30度近い気温であるはずなのに、汗が出ない。常に向かい風に吹かれているためだ。
戦闘攻撃機FA18スーパーホーネットの主翼のフラップが上下する。ヘッドセット付きのヘルメットをかぶっているのに、ごう音が一段と高まるのが分かる。拡散したジェットエンジンの排気の一部が顔をなで、熱いなと感じた瞬間、機体はカタパルトに引っ張られて勢い良く甲板から飛び出した。
だめだな、こりゃ-。米空母「ジョン・C・ステニス」艦上。空母に乗るのは2014年以来2度目だったが、相変わらず発進する艦載機を写真に納めるのは難しい。
メディアが米国防当局者のアジア行きに際し注目するのは、南シナ海への進出を強める中国や挑発を続ける北朝鮮にどう対処するのかという点だ。カーター国防長官のインド、フィリピン歴訪も、中国の台頭に対応するアジア太平洋地域の「安全保障ネットワーク」をつくり上げることが目的だった。
ただ、インド訪問では、「中国問題」というより、全般的な米印の安全保障協力の強化が直接の焦点になった。長官はインドとの間で補給など後方支援での協力について定めた覚書を結ぶ方針で基本合意し、空母の設計を含む兵器開発でも連携を深めていく姿勢を確認。中国は「ジ・エレファント・イン・ザ・ルーム」(部屋の中の象=明らかに誰もが気付いているが触れようとしない話題)だったのである。

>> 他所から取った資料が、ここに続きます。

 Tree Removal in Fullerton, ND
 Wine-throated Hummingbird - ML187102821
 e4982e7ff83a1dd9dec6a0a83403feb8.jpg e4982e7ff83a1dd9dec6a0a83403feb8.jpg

フィリピンでは、そうはいかない。何と言っても中国と南シナ海の領有権問題をめぐりやり合っている当事者であり、米軍は中国の動きをにらみフィリピンへの巡回駐留を拡大する予定だ。長官も中国を強く意識して行動することになる-。こう予想して長官を追っ掛けてたどり着いた先が、南シナ海を航行するステニスだったというわけだ。